A key component of a successful democratic transition is trust, a particularly important cultural factor for social justice and prosperity. . . . The high levels of identification and trust in Nordic societies reflect their homogeneity; common Lutheran antecedents, including a rigorous ethical code and heavy emphasis on education; and a consequent sense of the nation as one big family imbued with the golden rule.
Contending that multiculturalism is based on myth, Harrison prescribes some actions to prevent the creation of an underclass alienated from the upwardly mobile cultural mainstream.
The costs of multiculturalism – in terms of disunity, the clash of classes, and declining trust – are likely to be huge in the long run. All cultures are not equal when it comes to promoting progress, and very few can match Anglo-Protestantism in this respect. We should be promoting acculturation to the national mainstream, not a mythical, utopian multiculturalism. And we should take care that the Anglo-Protestant virtues that have brought us so far do not fall into disrepair, let alone disrepute.
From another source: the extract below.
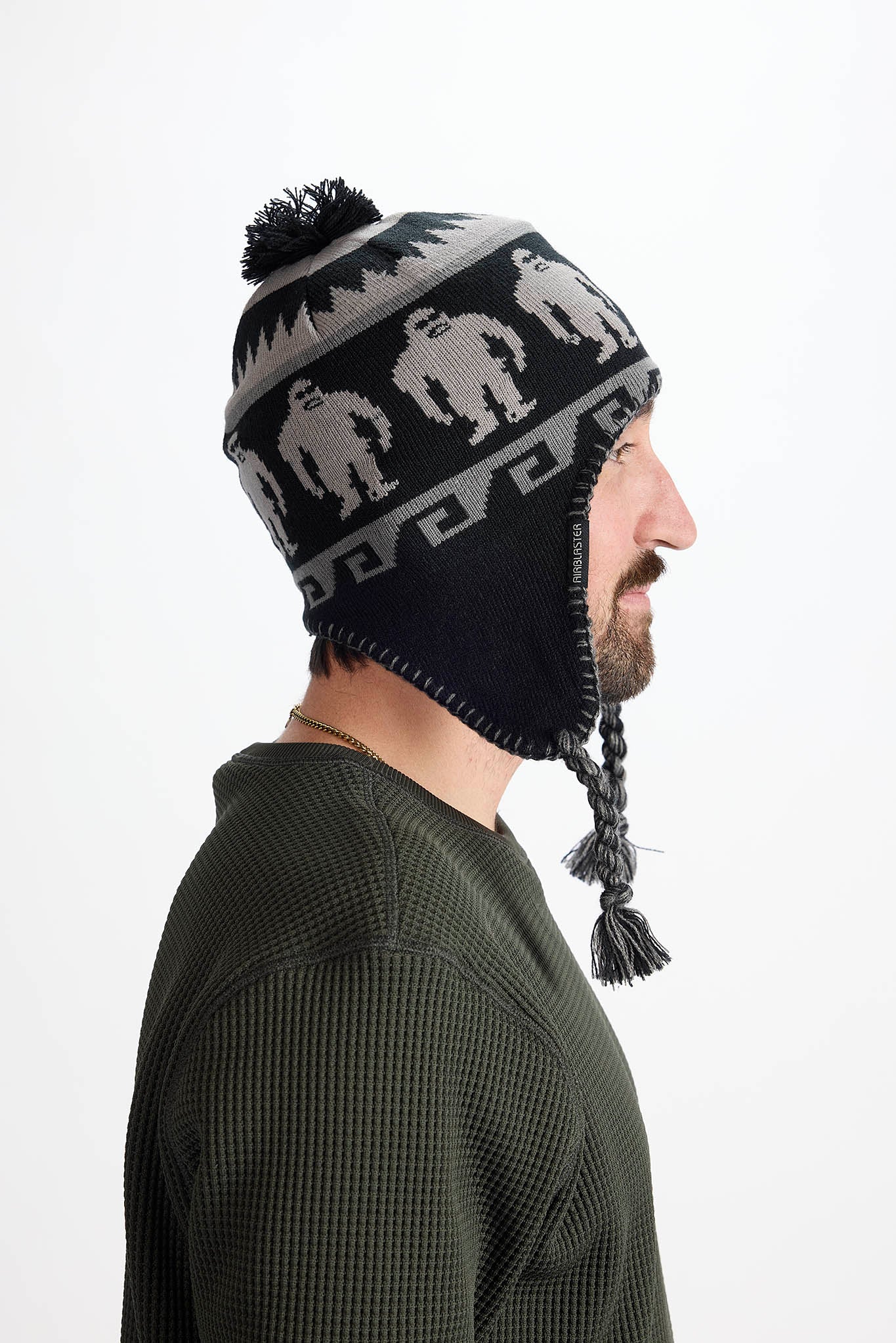 A man shown in profile wearing a black knit winter hat with ear flaps, a black-and-gray patterned band, a black pom-pom, and braided tassels. The background is a clean white studio backdrop.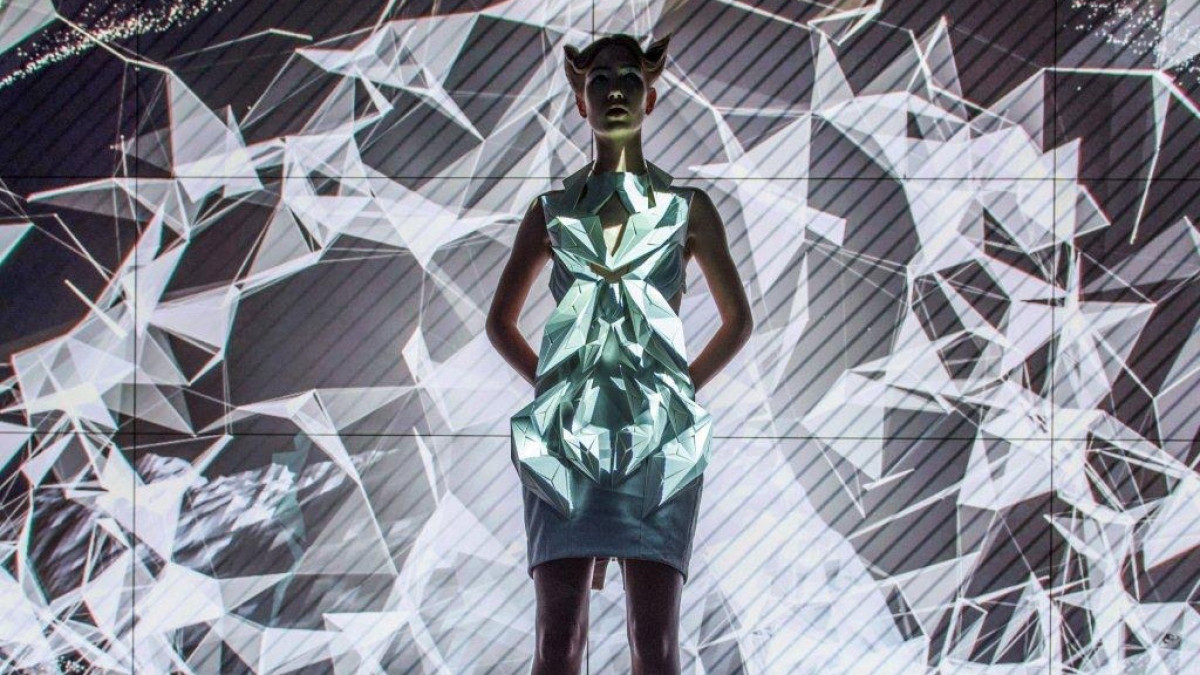 These futuristic smart dresses use Audi car parts to patrol personal space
Harrison is on much shakier ground discussing Iraq, however. He identifies Iraq and immigration as the two great disasters of the Bush presidency and claims that both result from wrongheaded forays into multiculturalism. While Harrison supports his argument on immigration, he presents no evidence in his article to support his contentions about Iraq. (In fairness, the article is excerpted from a longer version.) After noting that no Arab country is democratic and that the female illiteracy rate in some Arab countries exceeds 50 per cent, Harrison’s only statement on Iraq is contained in one paragraph:
What, then, are the implications for a foreign policy based on the doctrine that “These values of freedom are right and true for every person, in every society”? The Bush administration has staked huge human, financial, diplomatic, and prestige resources on this doctrine’s applicability in Iraq. It is now apparent that the doctrine is fallacious.
Here it seems that Harrison has fallen into his own multicultural trap. In saying that the values of freedom are not right and true for every person, he is essentially arguing that truth and morality are malleable. This is the very cornerstone of multiculturalism – that truth is a matter of taste and that what is true for us may not be true for others.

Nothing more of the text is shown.